FASEA, Financial Planning

RPL useful for adviser retention

RPL advisers

Greater recognition of prior learning should be used to retain advisers rather than forcing them to choose between quitting or extensive study.

The recognition of prior learning (RPL) of experienced advisers could be used as a way to retain more of them within the advice sector and avoid the need for them to fully retrain to meet incoming professional and education standards, according to the Labor Party.

Speaking at the recent Association of Financial Advisers (AFA) Hybrid Conference 2021, opposition financial services and superannuation spokesman Stephen Jones said more could more be done with RPL in relation to experienced advisers.

“I absolutely agree more could be done in this area,” Jones said.

“RPL is a technique that is used across a range of professions and the reason for doing further education is to make the transition from where we were to where we need to be as a profession and ensure the workforce has the skills, knowledge and ethical disposition. RPL is necessary to fulfil the task.

“If advisers already have those, it is an immense waste of public and private resources to send those people back to do a degree-level course if there is a more efficient means to recognise and measure their existing skills and knowledge in this area.”
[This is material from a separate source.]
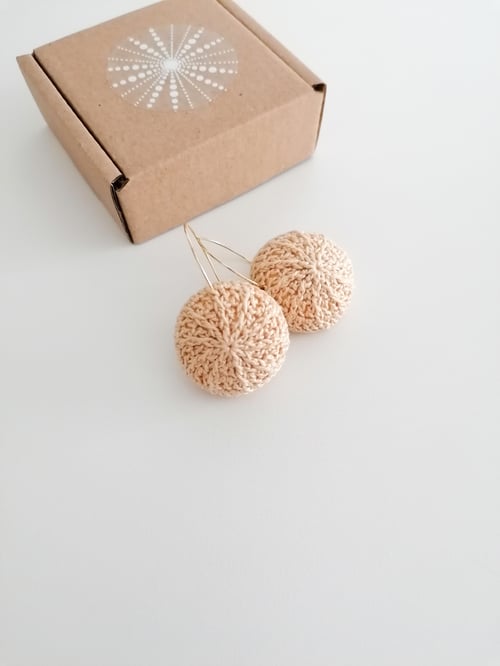 Image of Beige Sea Urchin earrings, golden hoops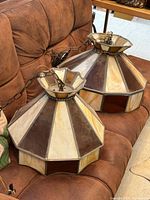 Both stained glass pendant lights side by side on couch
He made the comments in reply to a question from AFA policy and professionalism general manager Phil Anderson, who responded: “I think that is a comment that will be warmly received by a number of advisers who are making the decision as to whether they stay or go.”

In the same session, Jones gave his support for separate education programs for specialist advisers and said the lack of that recognition under the Financial Adviser Standards and Ethics Authority (FASEA) education model ran counter to the Future of Financial Advice legislation, which recognised specialised advice.

He also offered his continued support for legislation, currently held up in the Senate, that will create an extra adviser exam sitting in mid-2022 for any adviser who has unsuccessfully sat two FASEA exams before the end of this year.

“We don’t vote differently in the House and the Senate. If we form a view on something, we form that view and we support that position,” he said.